- TASK
In the material below, find every line containing "White" and copy that line.

- DATASET RECORDS
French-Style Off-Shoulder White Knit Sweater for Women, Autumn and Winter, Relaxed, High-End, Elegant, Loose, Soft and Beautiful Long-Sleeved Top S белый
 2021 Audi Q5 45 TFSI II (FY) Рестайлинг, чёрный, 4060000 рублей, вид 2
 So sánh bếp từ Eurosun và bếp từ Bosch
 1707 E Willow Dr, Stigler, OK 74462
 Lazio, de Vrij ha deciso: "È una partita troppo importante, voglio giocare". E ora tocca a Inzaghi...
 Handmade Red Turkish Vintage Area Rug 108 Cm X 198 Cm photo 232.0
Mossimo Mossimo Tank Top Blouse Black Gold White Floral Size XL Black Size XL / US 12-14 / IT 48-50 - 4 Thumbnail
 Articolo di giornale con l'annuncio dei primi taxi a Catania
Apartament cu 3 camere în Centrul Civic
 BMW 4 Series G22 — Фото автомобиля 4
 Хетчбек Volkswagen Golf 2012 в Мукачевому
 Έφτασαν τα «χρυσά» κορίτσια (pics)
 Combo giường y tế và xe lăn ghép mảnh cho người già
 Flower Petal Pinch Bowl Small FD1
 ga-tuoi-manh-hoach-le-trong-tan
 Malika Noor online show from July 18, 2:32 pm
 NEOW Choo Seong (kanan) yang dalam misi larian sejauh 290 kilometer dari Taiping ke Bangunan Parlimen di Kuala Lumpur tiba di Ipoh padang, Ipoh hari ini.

- OUTPUT FOR THIS EXERCISE
French-Style Off-Shoulder White Knit Sweater for Women, Autumn and Winter, Relaxed, High-End, Elegant, Loose, Soft and Beautiful Long-Sleeved Top S белый
Mossimo Mossimo Tank Top Blouse Black Gold White Floral Size XL Black Size XL / US 12-14 / IT 48-50 - 4 Thumbnail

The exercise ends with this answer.